Ibovespa supera os 67 mil pontos com alta do petróleo

O Ibovespa superou os 67 mil pontos pela primeira vez desde 23 de fevereiro. O índice subiu 1,62% aos 67.350 pontos sustentando pela alta do preço do petróleo no mercado internacional e pela aprovação da reforma da Previdência na comissão especial da Câmara dos Deputados, ontem. O giro financeiro ficou em R$ 6,4 bilhões, próximo à média diária do mês, que é de R$ 6,6 bilhões.


As ações da Petrobras subiram acompanhando o desempenho positivo do petróleo e, como juntas representam 8% da composição do Ibovespa, contribuíram para a alta do índice. "O rompimento da barreira dos US$ 46 por barril foi muito positivo para as ações da Petrobras", diz Ari Santos, gerente de mesa Bovespa da H.Commor DTVM.


As ações preferenciais da estatal tiveram alta de 4,17% e os papéis ordinários ganharam 3,16%. Os contratos futuros de petróleo WTI subiram 3,2% a US$ 47,33 o barril. Amanhã, a Petrobras deve anunciar o resultado financeiro do primeiro trimestre do ano após o fechamento do mercado. A expectativa é de que o prejuízo seja revertido e a companhia alcance lucro de R$ 3,3 bilhões, segundo analistas consultados pelo Valor.


Outro fator que pode estar ajudando na valorização do preço das ações da petroleira é o vencimento de opções sobre ações, na segunda-feira. "Tem muita gente que já está zerando a posição da Petrobras ou rolando o vencimento", diz Santos.


As ações do setor frigorífico também tiveram resultados positivos no pregão, puxadas pela Marfrig. Os papéis da empresa subiram 5,33%. Amanhã, a empresa também divulga o resultado financeiro do trimestre e os investidores estão otimistas com a possível abertura de capital da subsidiária Keystone, nos Estados Unidos.
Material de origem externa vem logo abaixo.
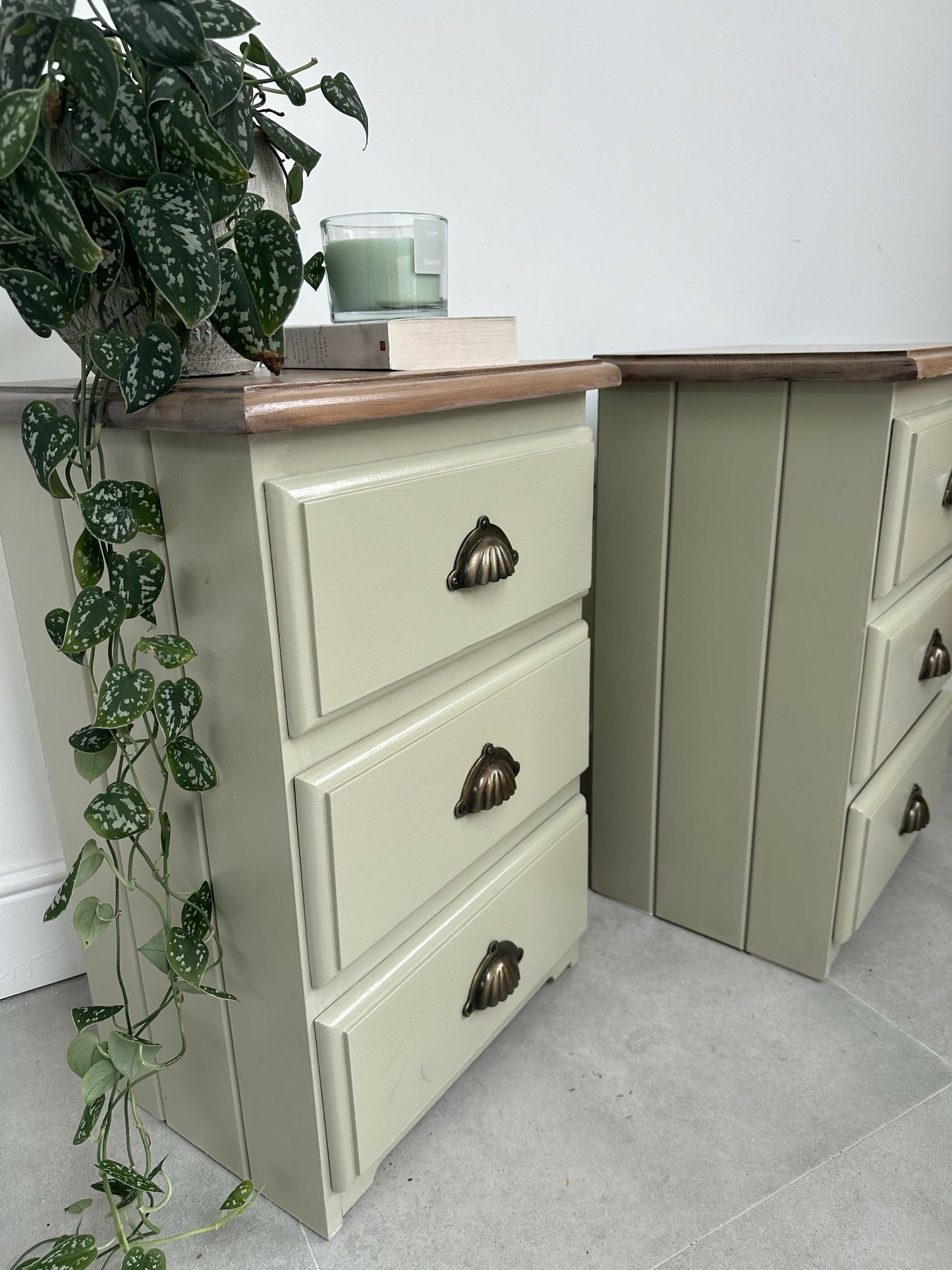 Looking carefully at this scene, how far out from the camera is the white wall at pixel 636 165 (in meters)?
1.07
As ações da BRF tiveram alta de 3,52% e os papéis da JBS ganharam 3,62%. "As ações do setor tinham ficado atrasadas em relação à recente valorização do Ibovespa", diz Santos.


As ações do sistema financeiro fecharam em alta com destaque para as ações do Banco do Brasil, que subiram 2,93%. Os papéis do Itaú Unibanco ganharam 0,49% após o banco ter confirmado discussões em torno de aquisição de participação minoritária na XP Investimentos. Hoje, a CVM (Comissão de Valores Mobiliários) tornou público em sua página na internet, o pedido de registro de companhia aberta da XP Investimentos, protocolado ontem.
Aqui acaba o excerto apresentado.